PROMPT
Copy word for word the line containing "Free People Pink Cable Knit Sweater" together with all lines following it to the end of the listing below, without the pictures.

STORED DATA
□ □ □

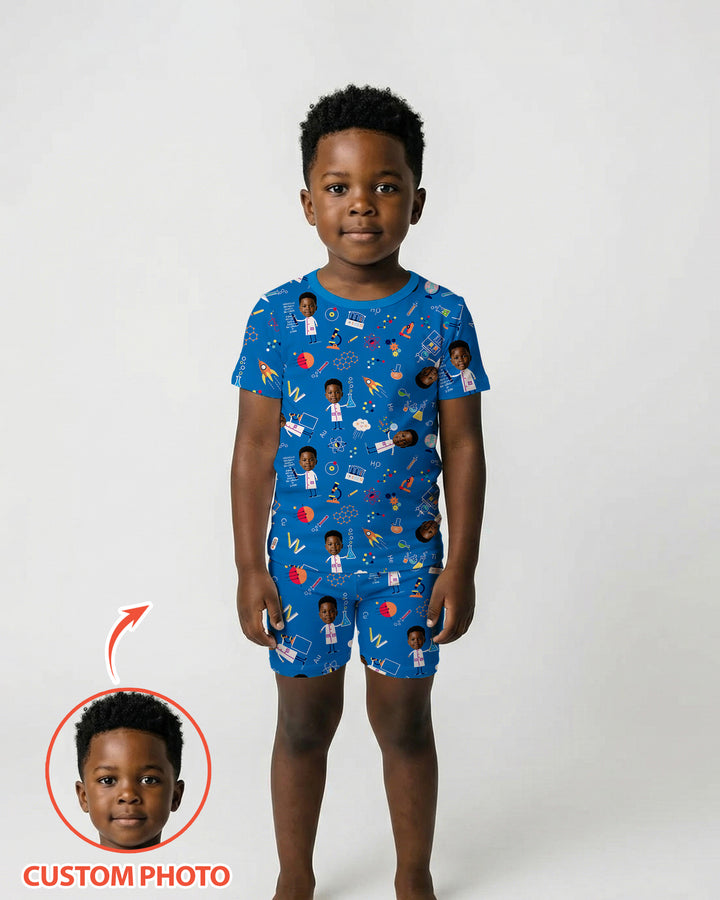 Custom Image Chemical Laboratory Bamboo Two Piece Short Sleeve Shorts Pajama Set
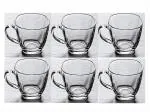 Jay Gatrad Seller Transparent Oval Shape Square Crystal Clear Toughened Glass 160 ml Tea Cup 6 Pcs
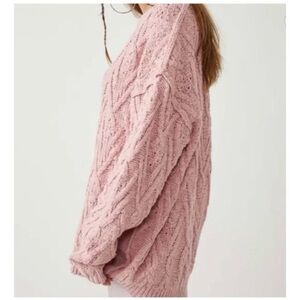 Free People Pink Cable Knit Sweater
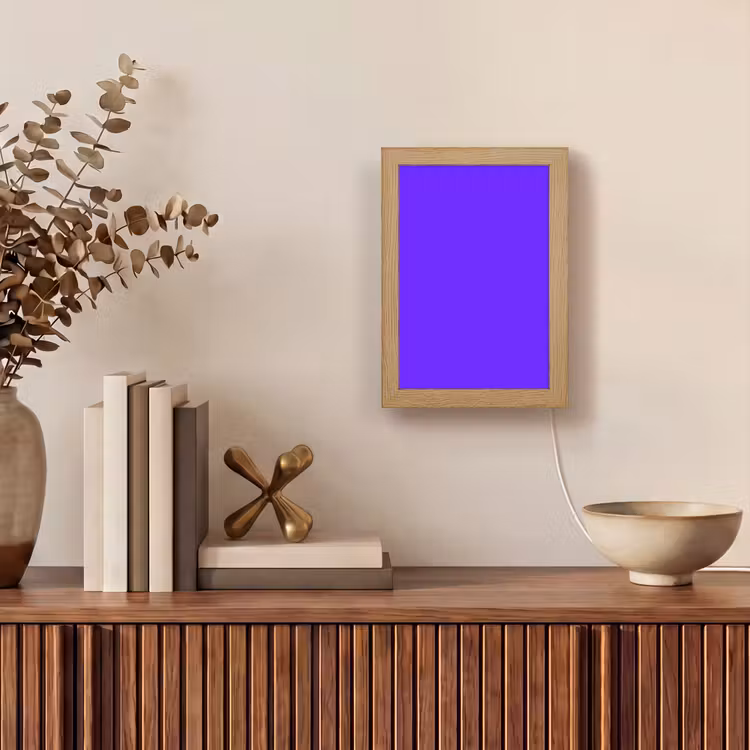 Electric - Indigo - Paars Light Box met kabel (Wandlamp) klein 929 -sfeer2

□ □ □

OUTPUT BELOW
 Free People Pink Cable Knit Sweater
 Electric - Indigo - Paars Light Box met kabel (Wandlamp) klein 929 -sfeer2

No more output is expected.